Parallel corpus from tabular data
The simplest way to create a parallel corpus is to upload data in a tabular format such as a spreadsheet (Excel), TMX, XML, XLIFF or other similar formats.
Spreadsheet format requirements
Spreadsheets must contain language names in the first row and then aligned segments (e.g. sentences) side by side.

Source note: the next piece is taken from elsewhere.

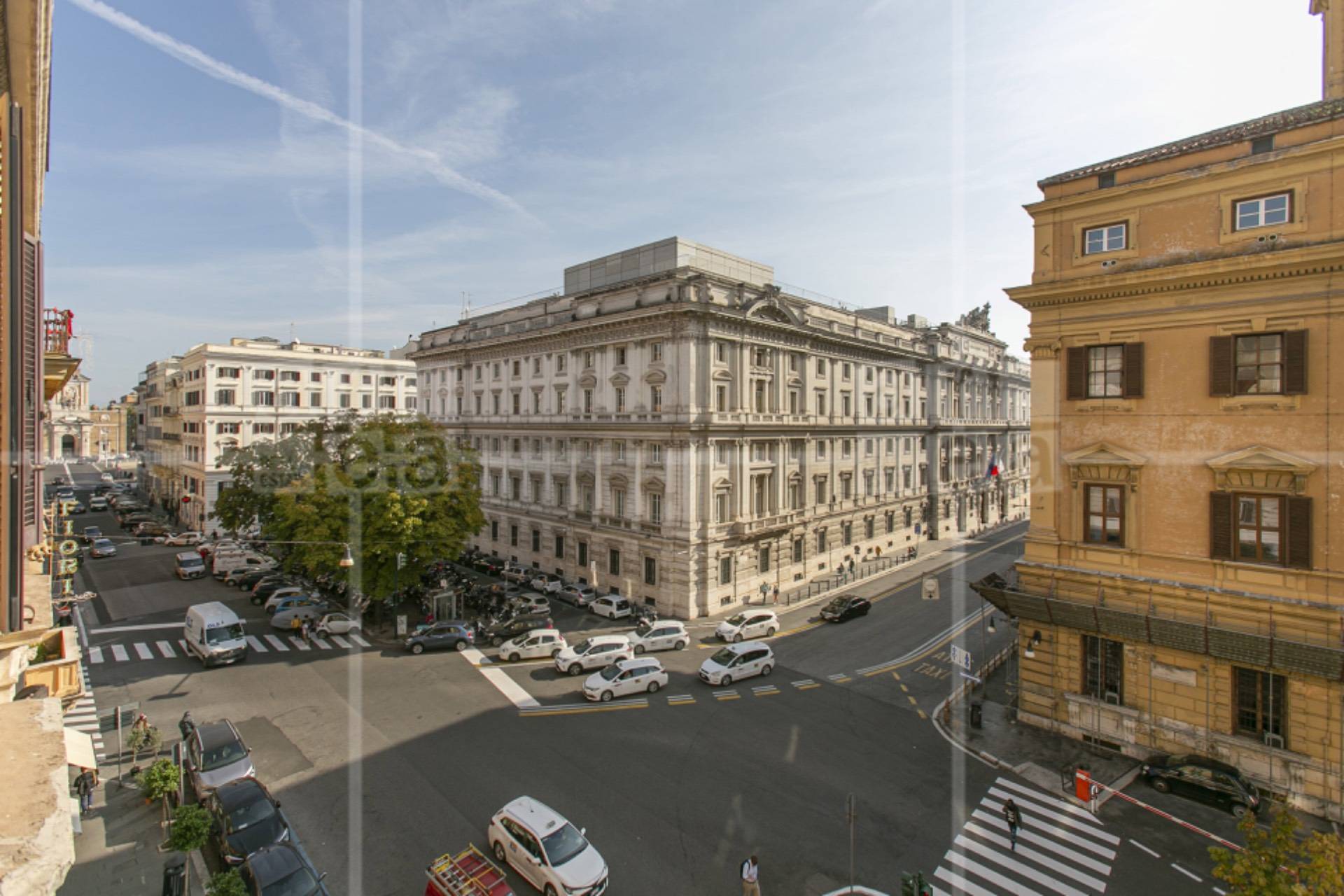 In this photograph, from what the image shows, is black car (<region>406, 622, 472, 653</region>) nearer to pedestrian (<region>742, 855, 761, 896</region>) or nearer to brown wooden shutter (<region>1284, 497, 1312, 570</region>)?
pedestrian (<region>742, 855, 761, 896</region>)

Each column with data is treated as data for a different language, i.e. spreadsheet for 2 languages must only contain 2 columns of data, all other columns must be empty
Follow these steps
- on the corpus dashboard, click NEW CORPUS
- click MULTILINGUAL
- type the corpus name and choose the file
- Upload TMX or XLS
- other supported formats: XLIFF (v. 2.0 and higher), TSV, TAB, XLSX
(if xlsx does not upload correctly, try opening the file in Excel and save as Excel 97-2003 Workbook)
- on the following screen, check the languages were identified correctly
- click Next
- wait for the corpus to be processed, you can leave the screen and find the corpus later in My corpora
Each language in the source file will be processed into a separate monolingual corpus and aligned with the corresponding corpus in the other language(s).
To search the corpus as a parallel corpus, first select the corpus in the language that should appear on the left and then, when setting the search criteria, select the other language(s). Multiple languages can be selected to display a multilingual concordance.